I've only seen it being used by a forex trader months ago. I can't even recall on which site I had found it. Was playing around with the indicator the past few days, and noticed that it works wonderfully well on both forex and TF (don't know if it works on the other emini futures - will do some backtesting when I'm free).

I had totally forgotten how the forex trader had used the indicator, and I had no idea what parameters to key in. But after a few hours of playing around with it, I settled on 3 different sets of parameters - 1 for TF3min, 1 for TF hourly, and 1 for GBP crosses (Hourly).
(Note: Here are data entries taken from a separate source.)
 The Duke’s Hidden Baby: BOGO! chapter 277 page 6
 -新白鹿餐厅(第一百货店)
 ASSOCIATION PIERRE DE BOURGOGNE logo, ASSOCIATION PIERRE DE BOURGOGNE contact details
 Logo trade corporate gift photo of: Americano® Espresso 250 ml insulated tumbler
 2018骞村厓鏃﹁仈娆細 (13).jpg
I had to set my own guidelines and conditions for using the indicator (No, I didn't bother googling it. I decided that if it works perfectly the way I made it to, why bother about HOW IT WAS MEANT TO BE USED). I'm aware that if I publish them (which I will, after this post, and after I have had lunch and a good smoke break with Seabloke), I risk becoming the biggest clown in the blogosphere.

But I'm doing it anyway.

Coz THIS IS MY PERSONAL DIARY.

Which means I can write whatever I want. Hur hur hur...

Keltner Channel

The reason that I like the Keltner Channel is that it caters to what I need (with the other indicators, I feel LED by them, and had to make compromises so that I could use them).
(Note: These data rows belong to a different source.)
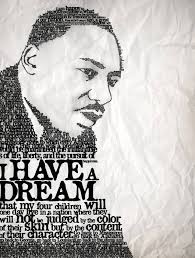  Home Martin Luther King Art Martin Luther King Quotes Martin Luther King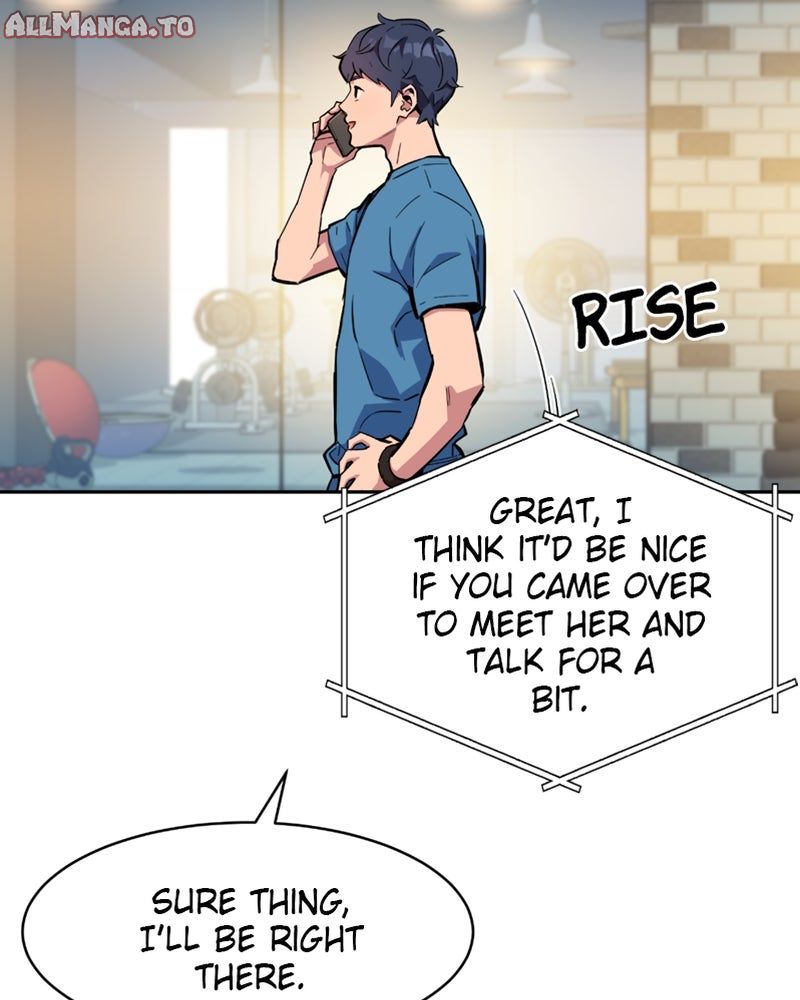 Read Auto Hunting With My Clones EN Manga Online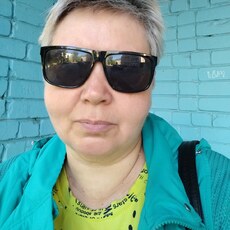 Фотография девушки Катерина, 55 лет из г. Балаково
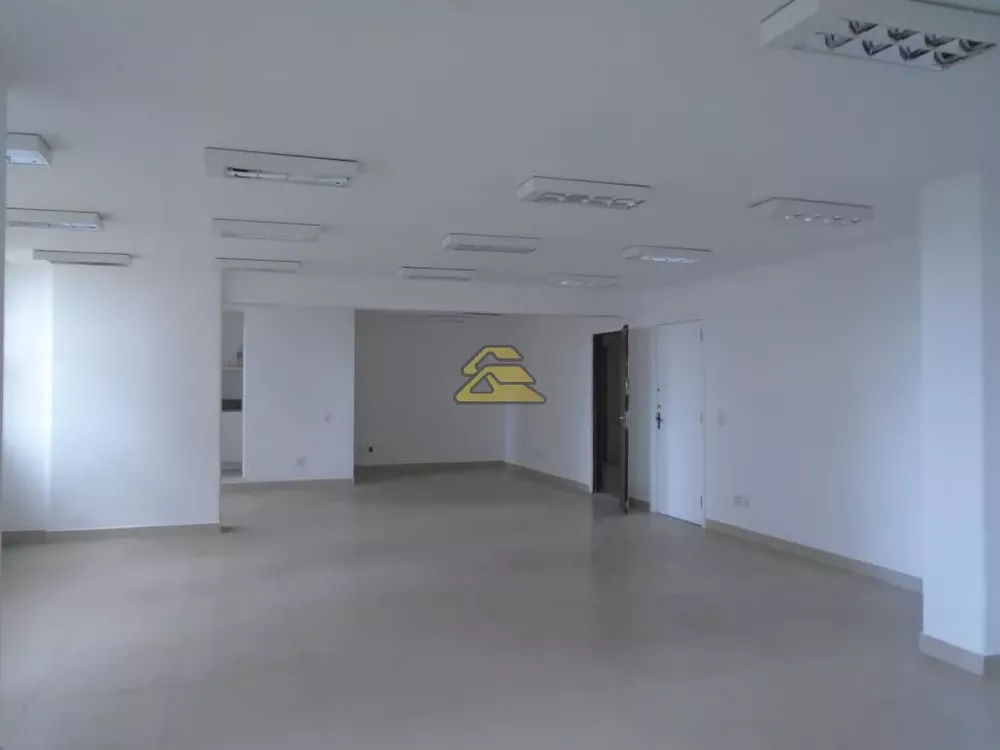 Sala-Conjunto, 85 m² - Foto 3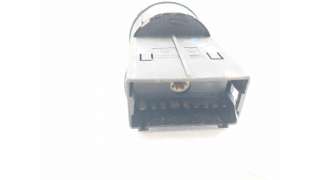 MANDO LUCES VOLKSWAGEN GOLF IV (1997-2004) 1.9 TDI 110CV 1896CC - L.8093993 / 1C0941531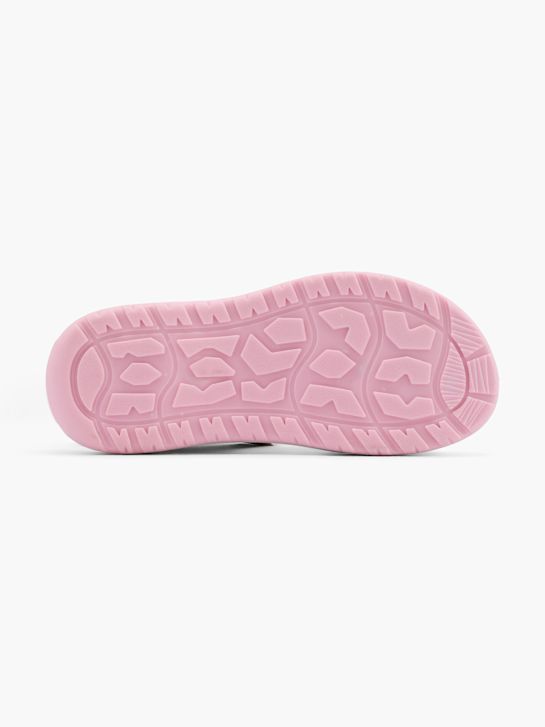 Pokémon Sandale beige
I was looking for something to hem in prices (without the MACD, SS, and RSI, it takes a lot of work to gauge if price is overly extended). Bollinger band was something I keep adding to my charts only to discard it after a few weeks, coz it distorts my candles and I get really frustrated when I can't read my candlestick patterns accurately.

Keltner channels enclose prices but do not distort candles. The best thing about the KC is that instead of distracting me, like the other indicators do, it actually helps my reading of price actions.
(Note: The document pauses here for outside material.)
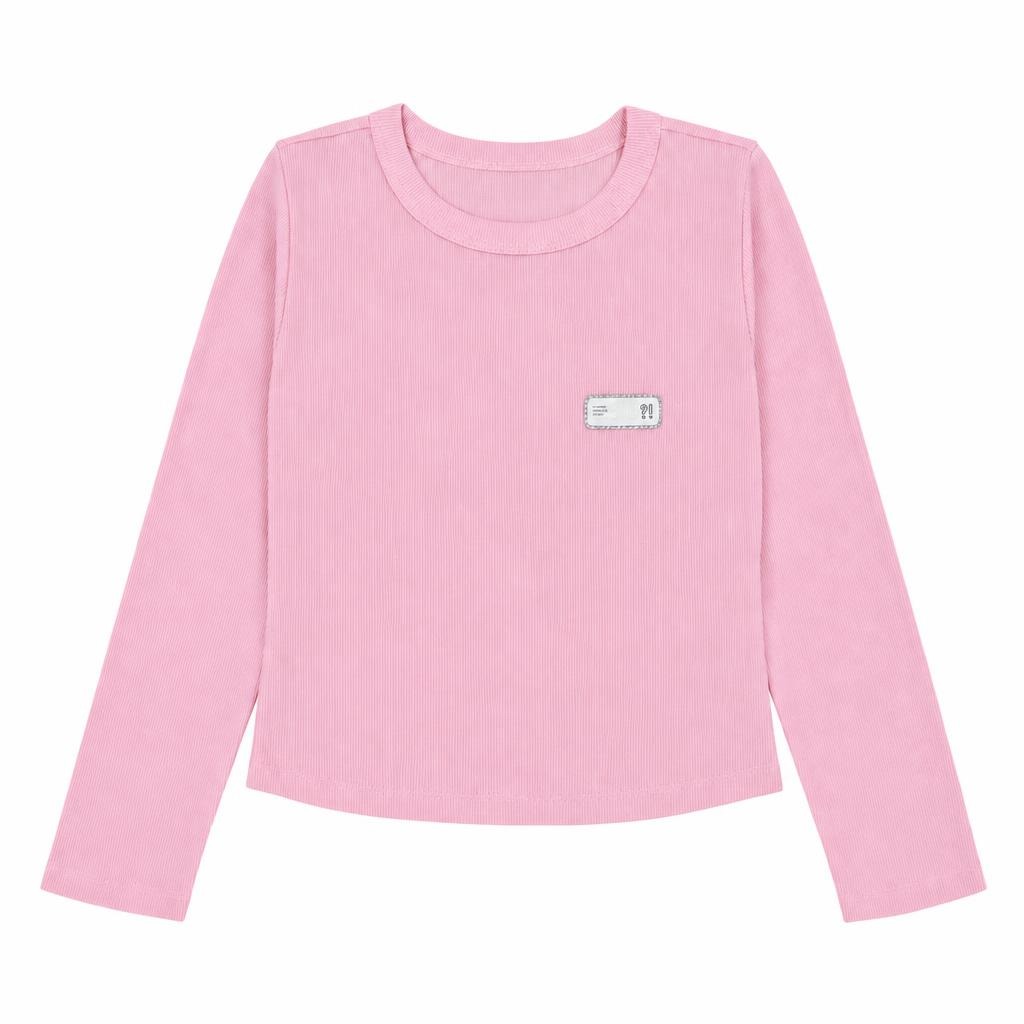 Buso Cuello Rendo Plus - Rosado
It's like finally finding a mate that doesn't annoy you (sorry, Pilot, I took your script - and congrats on finally finding Seabloke and me a sister-in-law!! LOL!!!).

Ok, it's Seabloke time!!!

6 comments:

Tony Chai said...

Hi Juliana :

Thanks once again for giving us your insight on how you trade the e-minis futures.

May be I'm still new in this but I felt that at times the indicators seemed "lagging" and the ES or TF might have moved a couple of points before the signals appear & I'm rather hesitant to enter then. And there would always be the time when the trade was entered, the trend changed, and when I reverse the order, the trend switched to the other direction.

From your post, do you advise it's better to avoid trading the e-minis on the 1st 30 mins when the market opened?

Thanks once again,

Tony Chai

Jules said...

Congrats, Tony, for being the first person to post an unmoderated comment LOL!! I turned moderation and word verification off coz I realized they are giving problems to some who had wanted to leave comments.

Re your question on trading the first 30min - I won't say it's better to avoid it, it's just that I won't do it personally. For those who can manage their expectations and risks properly, trading the first 30min is actually very rewarding.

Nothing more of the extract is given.